YOUR INSTRUCTIONS:
In this exercise, write out the data word for word and leave every image out.

DATA SHOWN:
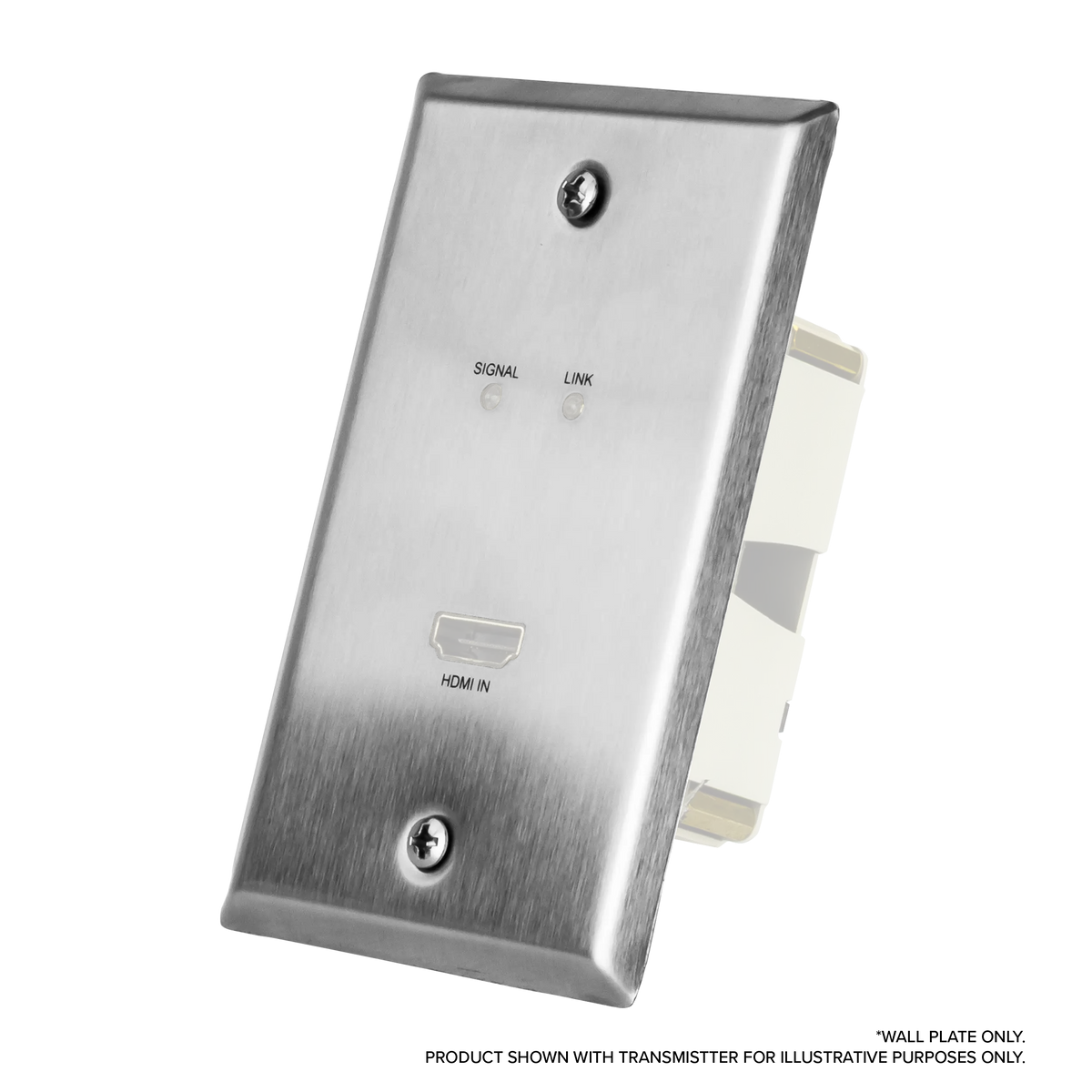 https://cdn.shopify.com/s/files/1/0712/9409/1574/files/AC-CXWP-LPH-CCS_FrontAngle1a.png?v=1751569842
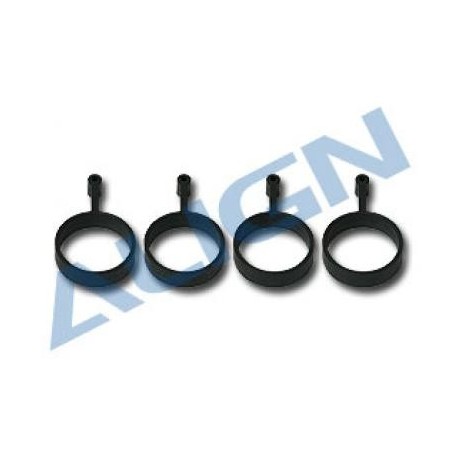  Tail Control Guide H60150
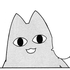 Avatar for gh0st1nk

RESULT OF THE EXERCISE:
 https://cdn.shopify.com/s/files/1/0712/9409/1574/files/AC-CXWP-LPH-CCS_FrontAngle1a.png?v=1751569842
  Tail Control Guide H60150
 Avatar for gh0st1nk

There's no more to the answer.